AI Platform Extracts Financial Data From Litigation Documents in Minutes
eFraud Services announced eFraud Investigator, an AI platform designed to convert thousands of pages of financial documents into usable evidence for litigation. The tool extracts data from PDFs, digitizes it, and verifies transactions against statement balances - a process that typically requires manual work by legal associates.
In high-net-worth divorce and fraud cases, opposing counsel often produces massive document dumps with redacted or rotated pages to slow discovery. Traditional e-discovery software makes these files searchable but leaves the numbers unusable for analysis.
What the Platform Does
eFraud Investigator handles redacted and rotated documents, extracting transaction data with what the company claims is nearly 100% accuracy. The platform automatically verifies extracted figures against the statement's ending balance, ensuring the data matches the source document.

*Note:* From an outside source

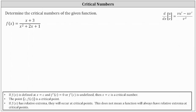We want to determine the critical numbers for the given rational function. If f(x) is defined at x = c and f'(c) equals zero or f'(c) is undefined, then x = c is a critical number. We find critical numbers by determining where the first derivative is equal to zero or undefined, but we must make sure the function is defined at x = c. If it's not, we don't include x = c as a critical number. We call the point (c, f(c)) a critical point.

The tool includes a dashboard that visualizes fund flows instantly, allowing attorneys to assess case viability before committing to forensic accounting work.
The Business Case
For law firms, the platform reduces billable hours spent on data entry. Barbara Steinberg, CEO of eFraud Services, said: "In litigation, data integrity is everything. eFraud Investigator delivers virtually 100% extraction accuracy and automatically verifies every transaction against the statement's ending balance - ensuring the evidence you present is mathematically identical to the source documents provided in discovery."
Steinberg founded the company in January 2020 with Robert Hayum as COO. Steinberg spent over 20 years analyzing bank statements and financial documents for federal, state, and local government agencies, law firms, and forensic accounting firms. Hayum held senior technology roles at Revlon and Coopers & Lybrand (now PwC).
The company is based in Naples, Florida. For finance professionals working in litigation support or forensic accounting, this addresses a specific operational bottleneck: converting static documents into structured data that can withstand courtroom scrutiny.